- **Task requirements**: Exclude the pictures and repeat all of the data exactly.

- **Information provided**:
=======

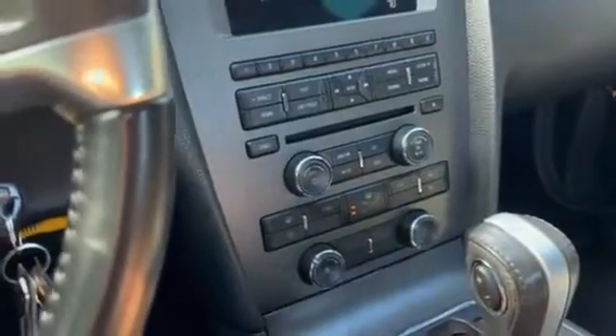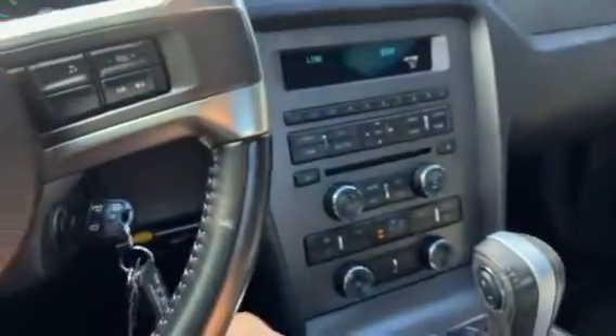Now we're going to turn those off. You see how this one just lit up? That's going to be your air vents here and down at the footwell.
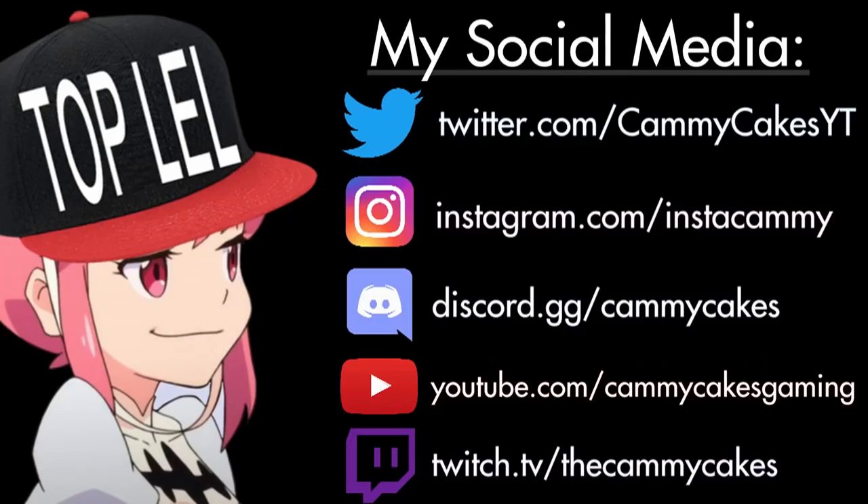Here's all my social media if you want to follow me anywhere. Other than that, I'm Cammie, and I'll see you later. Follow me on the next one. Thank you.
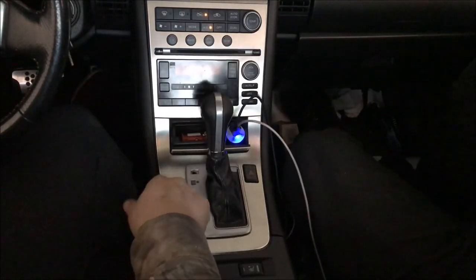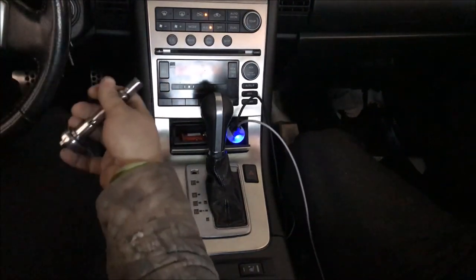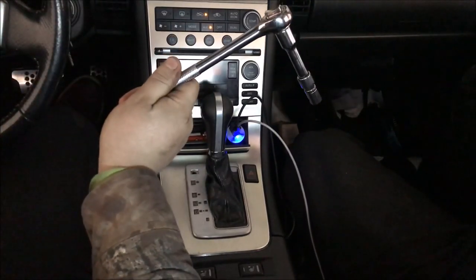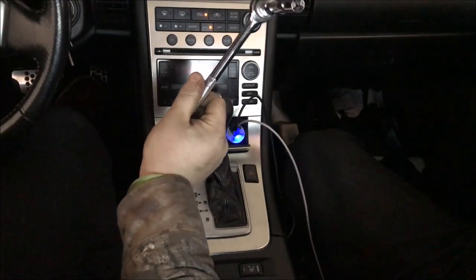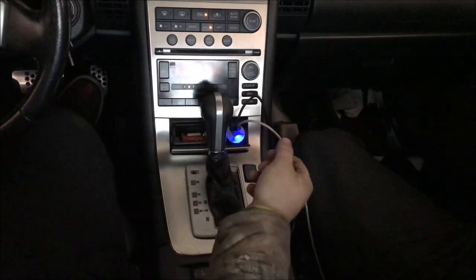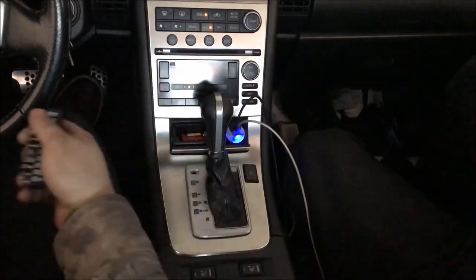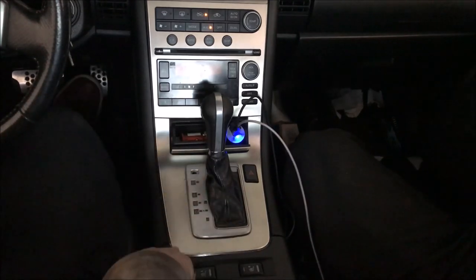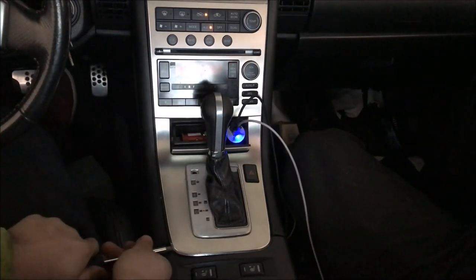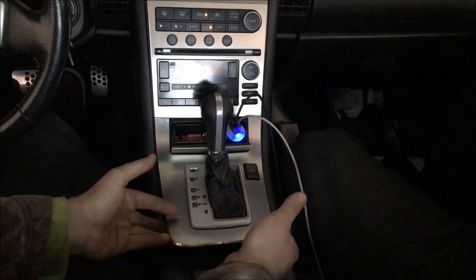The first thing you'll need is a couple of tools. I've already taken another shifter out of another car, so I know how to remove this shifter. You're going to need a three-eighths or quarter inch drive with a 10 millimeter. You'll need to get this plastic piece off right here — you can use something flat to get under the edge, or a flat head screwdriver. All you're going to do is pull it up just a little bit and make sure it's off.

=======

- **Finished task**:
Now we're going to turn those off. You see how this one just lit up? That's going to be your air vents here and down at the footwell.
Here's all my social media if you want to follow me anywhere. Other than that, I'm Cammie, and I'll see you later. Follow me on the next one. Thank you.
The first thing you'll need is a couple of tools. I've already taken another shifter out of another car, so I know how to remove this shifter. You're going to need a three-eighths or quarter inch drive with a 10 millimeter. You'll need to get this plastic piece off right here — you can use something flat to get under the edge, or a flat head screwdriver. All you're going to do is pull it up just a little bit and make sure it's off.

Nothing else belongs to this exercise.